Il Protocollo sottoscritto a Palermo nel 2000 contro il traffico dei migranti afferma la prevalenza degli obblighi di protezione derivanti dal diritto umanitario internazionale, dalla CEDU e dalla Convenzione di Ginevra. E il Codice penale italiano prevede comunque all’art. 54 la esimente dello stato di necessità: il salvataggio di vite umane a mare, quella situazione di stato di necessità che può desumersi anche da elementi oggettivi senza che una valutazione discrezionale possa negarne successivamente l’esistenza. Il diritto internazionale del mare comprende nelle attività di soccorso a mare anche l’assistenza sanitaria ed il trasporto in luogo di sbarco sicuro ( delivery to a place of safety) anche in considerazione degli obblighi di protezione dei diversi stati e dell’ effettiva garanzia dei diritti fondamentali delle persone salvate, offerta dai paesi rivieraschi.

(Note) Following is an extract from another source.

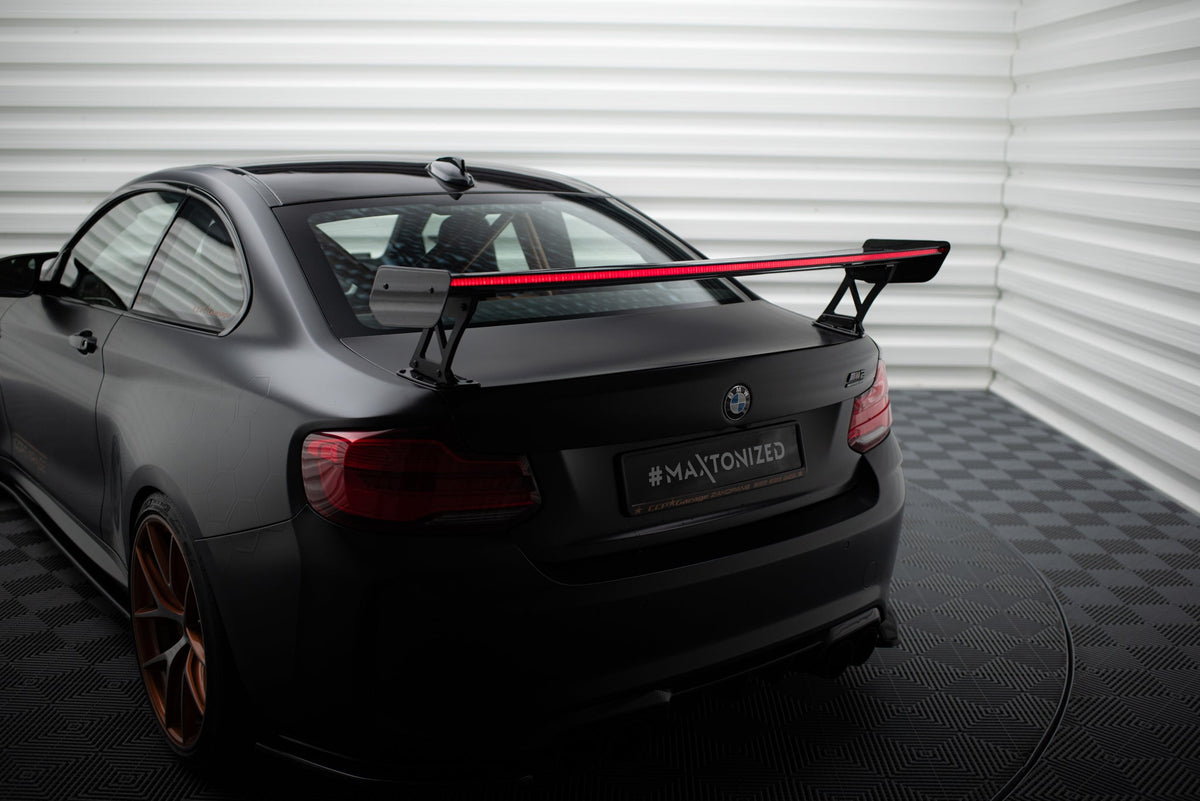 Kolfiberspoiler med yttre fästen + LED för BMW M2 F87 / 2 / 2 M-Pack F22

Non vorremmo che si ripetesse ancora il caso del peschereccio Cartagena di Mazara del Vallo che nel pomeriggio del 22 marzo del 2005, poco prima di sera, aveva avvistato a sud di Lampedusa una barca di dieci metri carica di un centinaio di migranti, proseguendo nella navigazione dopo avere lanciato l’allarme via radio ed allontanandosi dopo avere saputo dell’intervento della marina militare. Di quella imbarcazione e dei suoi disperati occupanti scomparsi nella notte non è rimasta alcuna traccia. Vogliamo sperare che siano comunque sopravvissuti, ma nessuno saprà mai la verità.

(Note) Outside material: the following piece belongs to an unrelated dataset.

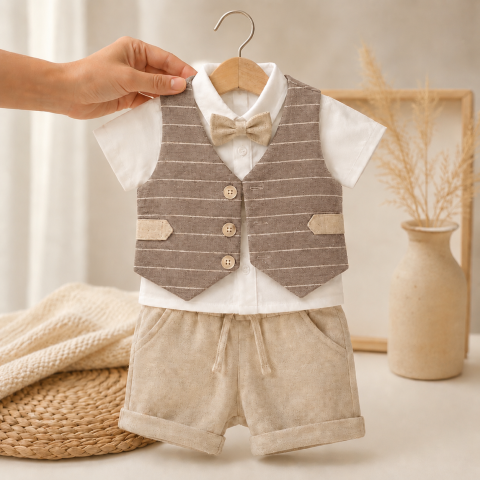 Set elegant copii camasa vesta bej si pantaloni scurti [1]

E non vorremmo neppure che le grandi navi commerciali continuino ad ignorare sistematicamente le imbarcazioni dei migranti in procinto di affondare. In base al diritto internazionale i comandanti di queste navi hanno l’obbligo di salvare ogni persona che si trovi in pericolo di vita a mare lungo la loro rotta. Come testimoniano molti superstiti delle ricorrenti tragedie dell’immigrazione clandestina, troppo spesso i comandanti di queste grandi unità non si fermano in prossimità di “carrette del mare” sempre più piccole (per sfuggire ai controlli), in evidenti condizioni di instabilità anche con il mare calmo, e dunque di fronte a situazioni di grave pericolo per le persone. Spesso, prevale la paura di restare bloccati dai controlli di polizia con il rischio di compromettere il risultato economico del viaggio. Occorre ribadire la necessità che anche le navi commerciali concorrano alla salvaguardia della vita umana a mare, sbarcando poi i migranti nel porto che riterrà più opportuno il comandante, rispetto alla rotta ed ai tempi del viaggio, a condizione però che si tratti di un luogo nel quale sia possibile avere accesso alla procedura di asilo, godere della libertà personale, dell’assistenza di un interprete e di efficaci mezzi di ricorso legale. Come prescritto dalle direttive comunitarie e dalle Costituzioni nazionali.Nulla di più di quello che dovrebbe garantire un paese democratico. Nulla di più di quello che qualunque paese stipuli un accordo di riammissione dovrebbe garantire ai democratici governi della fortezza Europa.